Arlington National Cemetery historian Chris Warren joined Breitbart News Daily with SiriusXM host Stephen K. Bannon on Friday with a timely review of Arlington’s history for Memorial Day.
“We became a national cemetery, of course, during the Civil War, in 1864,” said Warren. “By the end of the war, over 15,000 service members were buried here at Arlington, and we’ve continued to be a national cemetery ever since. We’re administered by the United States Army, and have been since 1864.”
“We’re the final resting place, and kind of America’s national shrine, for our service members and family, who have sacrificed, and served their country honorably, and have earned, I think, the respect of all of us,” he said.
As Warren explained, Arlington’s deep roots into American history stretch all the way back to George Washington, as the land passed down through his family to Mary Custis, daughter of Washington’s adopted grandson. Mary Custis married a U.S. Army officer named Robert E. Lee in 1831.
“When he, of course, went into the Confederacy, he knew that this land on which the house resided, the 1,100-acre estate, was going to be taken by the U.S. Army,” said Warren. “If you’ve never been out here, the house itself is on some prominent high ground, overlooking Washington, D.C.”
Bannon added, for the benefit of listeners who have not had the honor of a visit, that Arlington offers “one of the most stunning views of Washington,” calling it an “absolutely magnificent place.”
Of course, at the time, Union military officials were also worried that it would be a magnificent place for Confederate forces to position their artillery. As the Arlington National Cemetery’s history of Arlington House points out, “Mid-19th-century artillery, situated on this elevated terrain, could easily range every federal building in the city, including the White House and Capitol.”
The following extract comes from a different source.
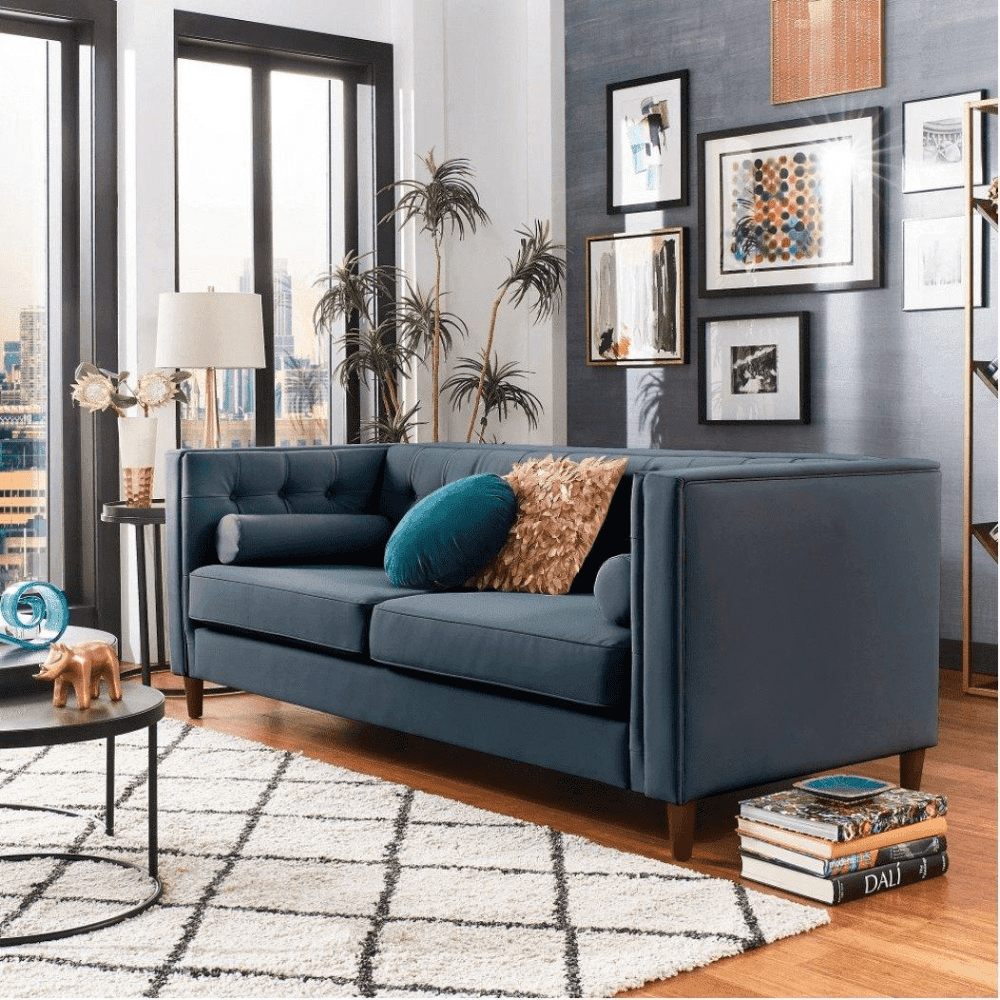 Brew Tuxedo Faux Leatherette Sofa with Accent Pillows - Luxe Maple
Warren noted that the Washington-Lee connection is poignant testimony to the relative youth of the United States, compared to the ancient European civilizations from which America grew.
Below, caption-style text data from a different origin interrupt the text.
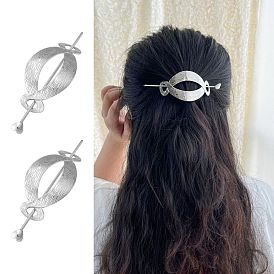 Alloy Hair Sticks, Hollow Hair Ponytail Holder, for DIY Hair Stick Accessories, Oval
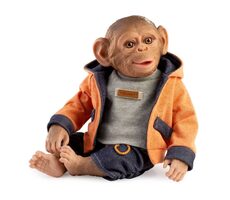 Guca 986 REBORN OPIČKA - realistická opička miminko s měkkým látkovým tělem - 32 cm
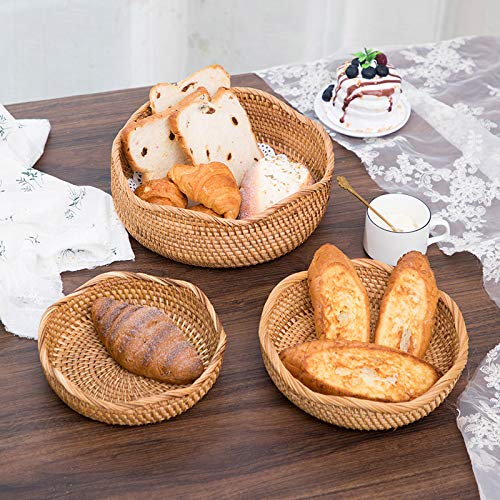 Set of 3 Natural Woven Serving Basket Bowls with Wave Edge for serving or storage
The history of Arlington National Cemetery also began at a time when the wounds of the Civil War ran deep. Warren noted that 1864 was “really when Ulysses S. Grant starts his overland campaign, heading south towards Robert E. Lee’s Army of Northern Virginia.”
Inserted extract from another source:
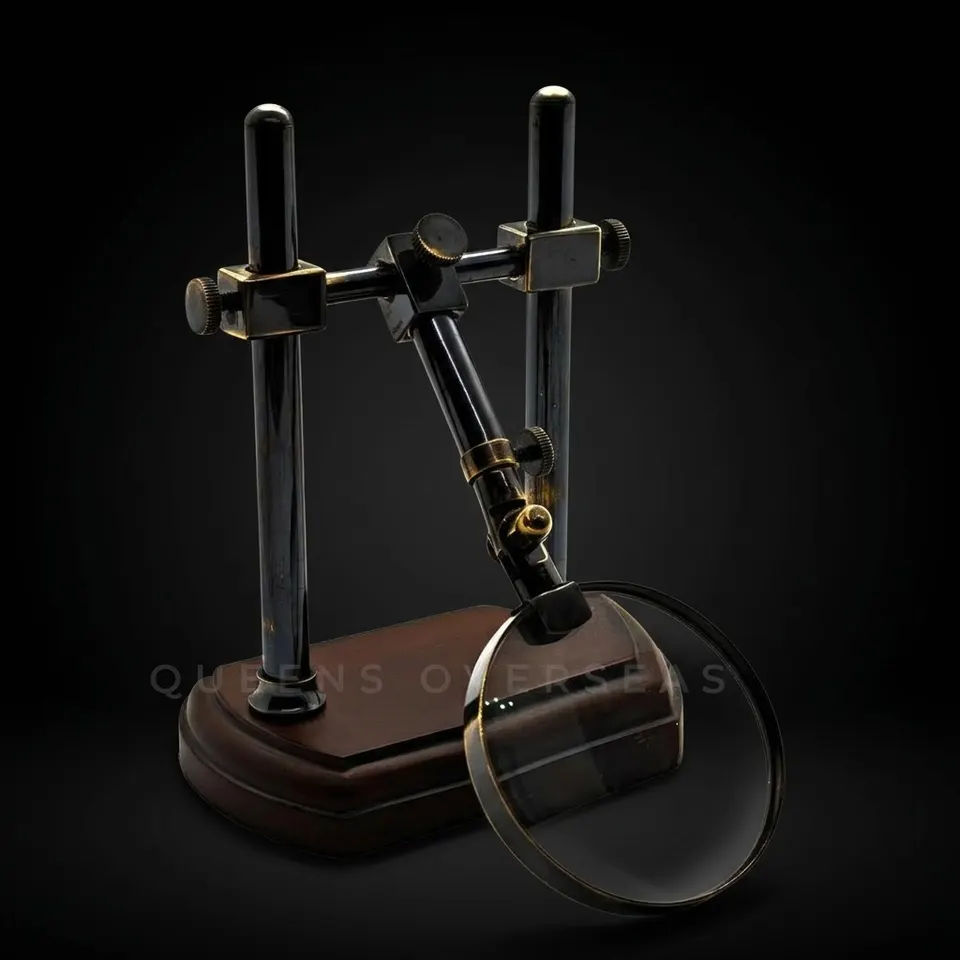 All-Brass Magnifier 2.5" on Extendable Arm Wooden Base Stand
“The number of casualties coming back to Washington, D.C., for burial are just enormous at this time period,” he said. “In fact, the casualties are so bad Grant’s called a ‘butcher’ in many of the Northern newspapers. Lincoln believes that he’s not going to win re-election because the casualties are so extensive that period.”
Warren explained that Washington had “numerous hospitals that popped up during the war,” so “if you could survive your casualties from any of the battles, you would inevitably end up in hospitals in Washington, D.C.”
Unfortunately, he said, “Those hospitals had about a forty percent mortality rate,” so the vast majority of those interred during the Arlington Cemetery’s early days “were from diseases, dying in the hospitals of Washington, D.C.”
“Memorial Day is intimately tied with the history of Arlington. The first national commemoration occurred here,” Warren said.
“The 3rd U.S. Infantry Regiment, the ‘Old Guard,’ who are the Tomb Sentinels at the Tomb of the Unknown Soldier, the whole regiment was out yesterday decorating the cemetery. They placed over 230,000 flags on every individual headstone. Just to come out and see kind of the ceremonial aspects, and the pageantry, and the beauty of the cemetery, I think, is one thing” Warren recommended visitors experience.
“On Sunday, we have a tour of the cemetery that I’m running as well, with my colleagues–the history of Memorial Day, Decoration Day, here at Arlington,” he continued. “Of course, the President is going to be here on Monday to give his Memorial Day address, which he does every year. Every President has done that here at Arlington since President Ulysses S. Grant, in fact.”
“There’s just a whole myriad of things to see, monuments to see,” Warren said, adding:
The famous people that are buried here – but, just as important, the average soldier from the Civil War, from the two World Wars, Vietnam, Korea, and Afghanistan and Iraq today. You really get a feel, if you come out here, for the link between a soldier from the Civil War, and a soldier from today – how they all served honorably, they served their country, many of them paid the ultimate sacrifice, as Lincoln said, the “last full measure of devotion.”
“Read the headstones, feel what it is to be an American, and realize that there are still people, and there always have been, that are willing to sacrifice and make sure we keep our freedoms.”
Bannon advised visitors that Section 60 is the section of Arlington where most veterans of the Iraq and Afghanistan wars have been laid to rest. Warren said over 1,200 casualties of Iraq and Afghanistan are interred at Arlington, and about 900 of them can be found in Section 60.
Those planning visits to Arlington National Cemetery for Memorial Day are advised to check the official website for a schedule of events and the security procedures necessary to attend them.